The New York Times
by Grace Gleuck
Joel-Peter Witkin: Vintage Work
529 West 20th Street, Chelsea
Through Feb. 18
The calculated madness of Joel-Peter Witkin's photographs conveys a sense of 19th-century horror, like the dreamworks of the Symbolist painter Gustave Moreau. Mr. Witkin's over-the-top epics are often inspired by well-known paintings, or even by contemporary photographers like Diane Arbus. Freaks abound, death and disfiguration play important roles (sometimes involving actual cadavers or their parts), and gruesome juxtapositions occur, like tiny bronze skulls and genuine severed genitals. His work, too, is rife with props: masks, sadomasochistic devices and stuffed animals not least among them.
Sometimes he can be campily comic, as in "The Fool" (1993), a parody of the pompous equestrian portraits of European kings. Against a misty sweep of landscape, a ruler wearing an exaggerated hat and ruffled under-pantaloons poses on a prancing horse mounted on a platform. One disembodied arm holds not a sword, but a stick. He is closely attended by a small, sardonic jester wearing a mask and boxer shorts and wielding a drumstick. At his feet a half-naked woman lies next to a dead cow, perhaps symbolic of the monarch's subjects.

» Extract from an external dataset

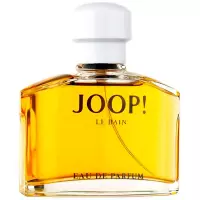 Imagem da oferta Perfume Le Bain Joop! EDP Feminino - 40ml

But what Stephen King calls grue abounds in Mr. Witkin's "26-Year-Old O.D." (1982), a portrait of a youth whose partly dissected body belies the peacefully sleeping look of his head, its black hair partly covering one eye. In "Feast of Fools" (1990), a takeoff on a 17th-century still life, Mr. Witkin substitutes severed body parts for fruits, flowers and other delectables. In "Prudence" (1996), meant to illustrate spiritual forces versus the demons of the unconscious, he dresses an attractive nude in elbow-length black gloves and a piled-up head wrap that holds, among other goodies, two dead bats. Still, you don't have to buy into Mr. Witkin's Stygian visions to realize there's a master of surrealistic photography at work.